About this task ::
With the pictures left out, restate exactly the part below that opens with the line containing "Eiffel Tower printing woman wallet" and closes with the line containing "Image of Xprite".

Material for this exercise ::
_ _ _

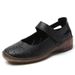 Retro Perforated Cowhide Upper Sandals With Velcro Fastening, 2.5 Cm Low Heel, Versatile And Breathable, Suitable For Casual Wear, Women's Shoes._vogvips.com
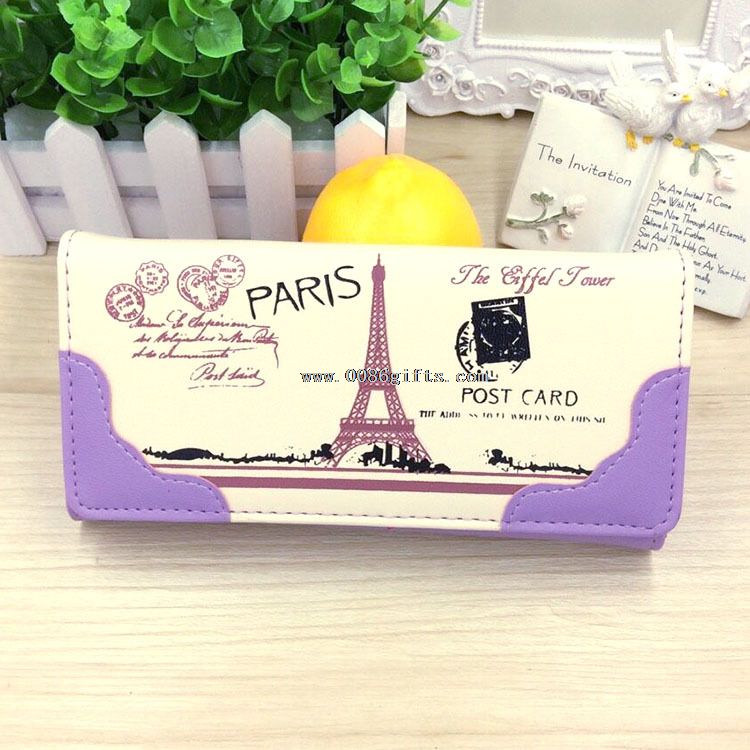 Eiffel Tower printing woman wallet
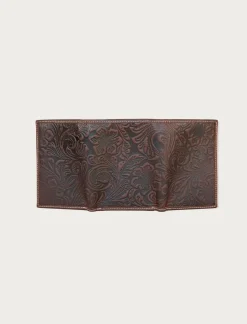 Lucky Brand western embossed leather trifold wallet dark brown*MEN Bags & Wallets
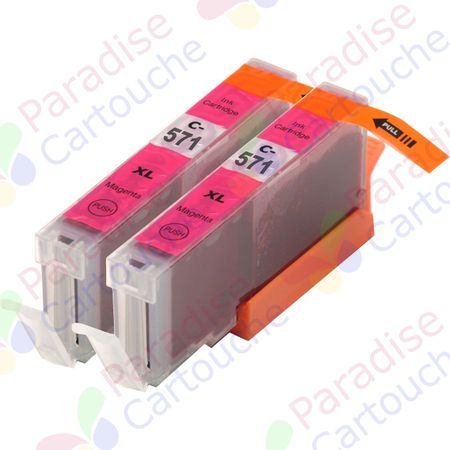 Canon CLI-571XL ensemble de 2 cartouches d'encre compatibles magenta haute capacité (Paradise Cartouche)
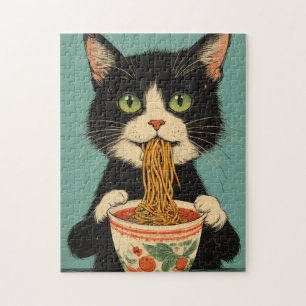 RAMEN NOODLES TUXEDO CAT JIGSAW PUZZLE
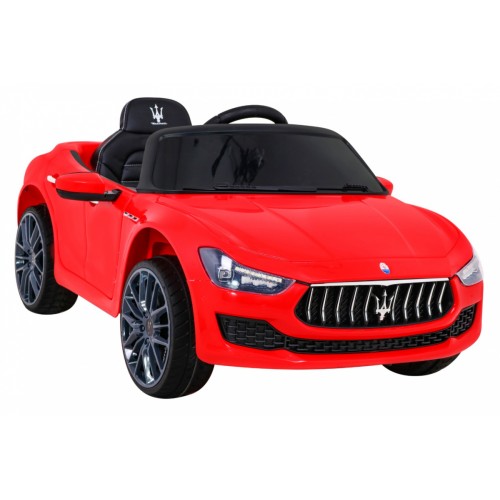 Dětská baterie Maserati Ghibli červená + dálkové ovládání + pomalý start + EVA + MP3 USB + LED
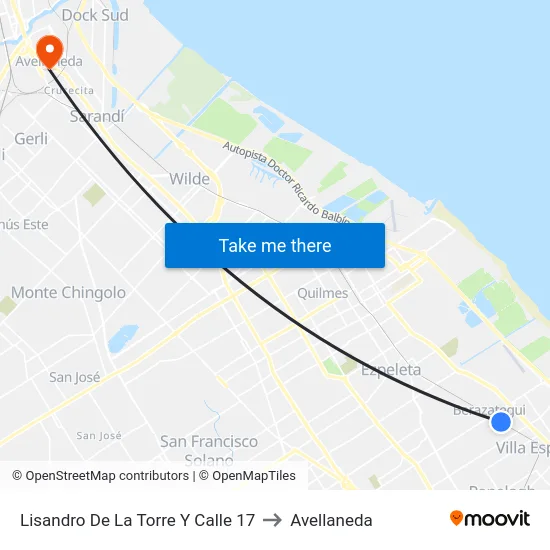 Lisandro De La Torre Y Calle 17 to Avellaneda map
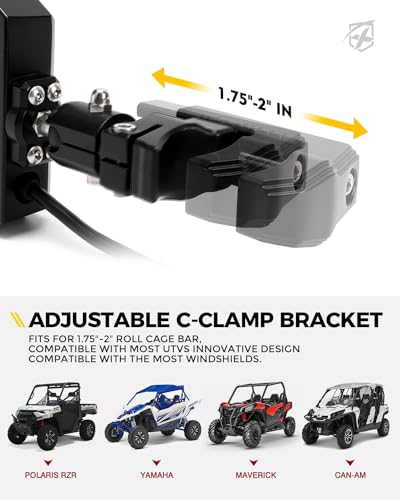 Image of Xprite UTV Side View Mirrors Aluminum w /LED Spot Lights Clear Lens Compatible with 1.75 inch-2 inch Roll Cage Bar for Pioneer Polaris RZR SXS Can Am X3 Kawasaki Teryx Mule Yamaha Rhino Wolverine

_ _ _

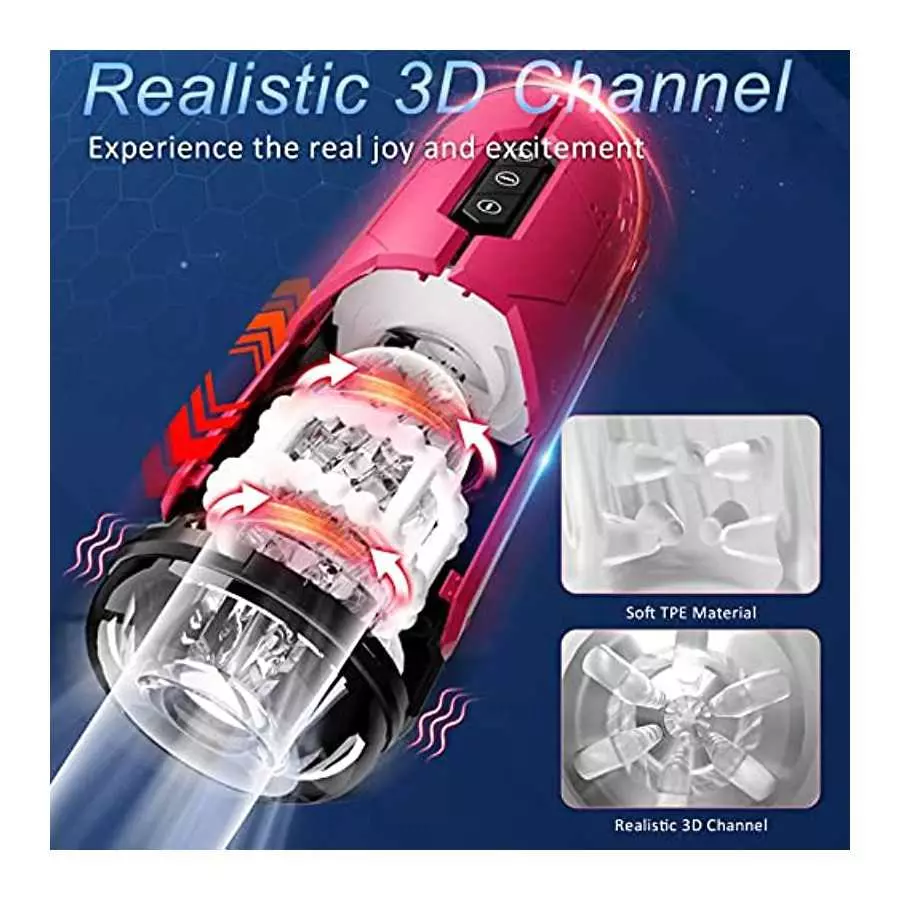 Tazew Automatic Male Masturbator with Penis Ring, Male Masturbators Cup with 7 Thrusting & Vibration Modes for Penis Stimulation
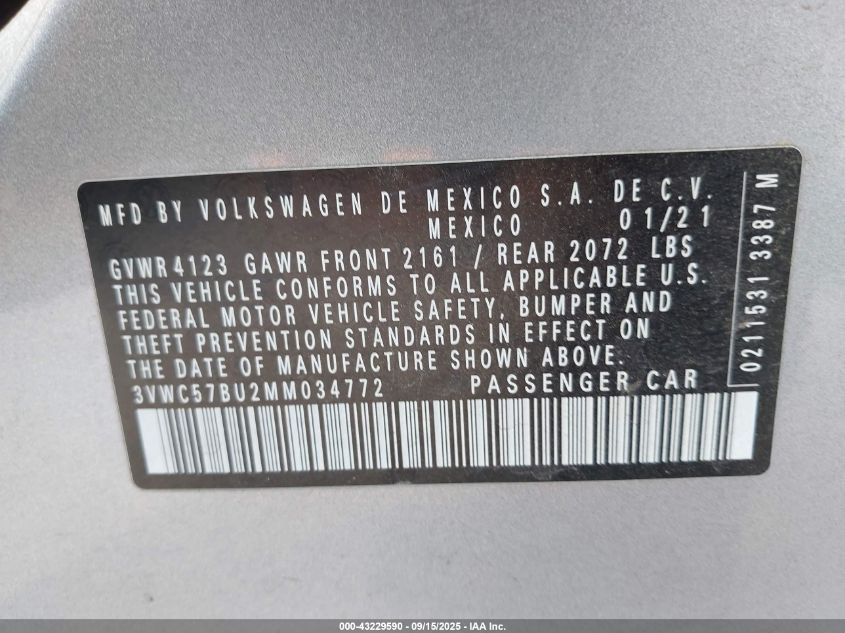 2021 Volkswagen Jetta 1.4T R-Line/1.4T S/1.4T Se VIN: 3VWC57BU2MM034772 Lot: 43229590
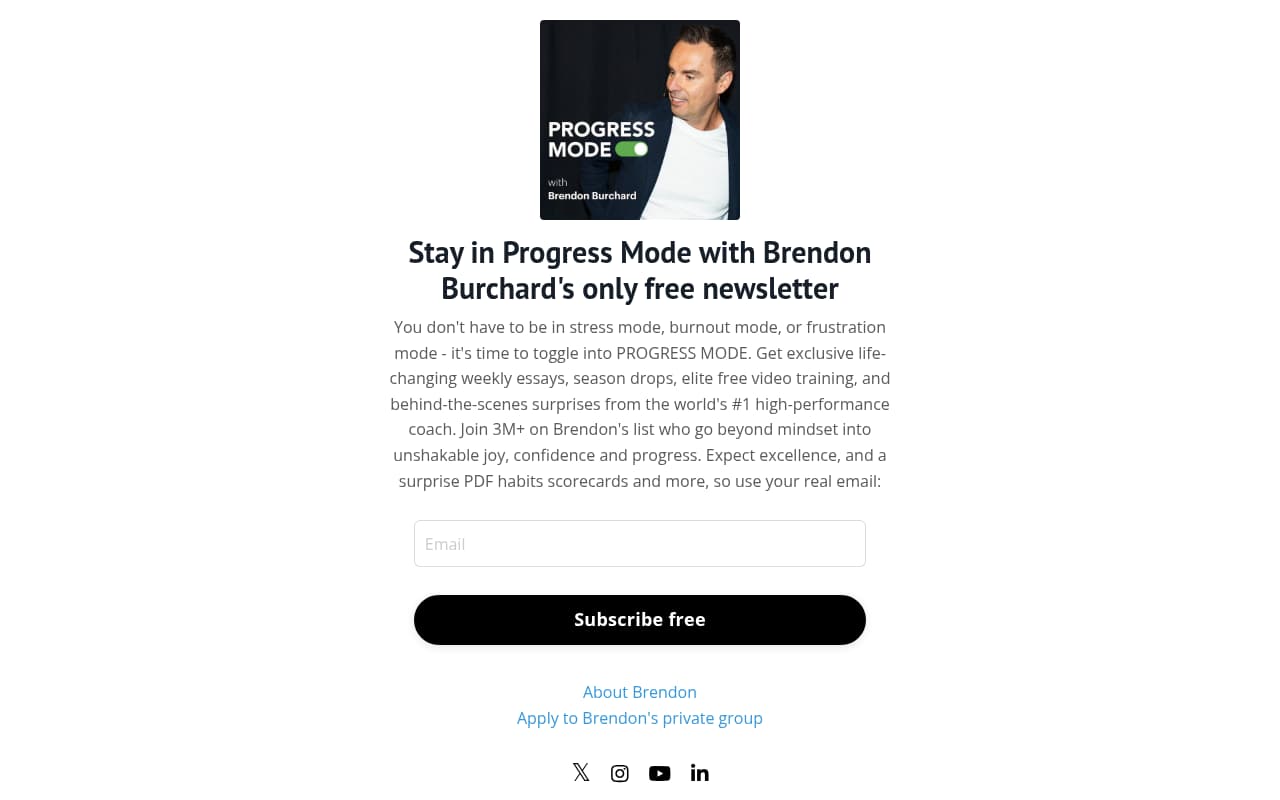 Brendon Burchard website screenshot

_ _ _

Output for this exercise ::
 Eiffel Tower printing woman wallet
 Lucky Brand western embossed leather trifold wallet dark brown*MEN Bags & Wallets
 Canon CLI-571XL ensemble de 2 cartouches d'encre compatibles magenta haute capacité (Paradise Cartouche)
 RAMEN NOODLES TUXEDO CAT JIGSAW PUZZLE
 Dětská baterie Maserati Ghibli červená + dálkové ovládání + pomalý start + EVA + MP3 USB + LED
 Lisandro De La Torre Y Calle 17 to Avellaneda map
 Image of Xprite UTV Side View Mirrors Aluminum w /LED Spot Lights Clear Lens Compatible with 1.75 inch-2 inch Roll Cage Bar for Pioneer Polaris RZR SXS Can Am X3 Kawasaki Teryx Mule Yamaha Rhino Wolverine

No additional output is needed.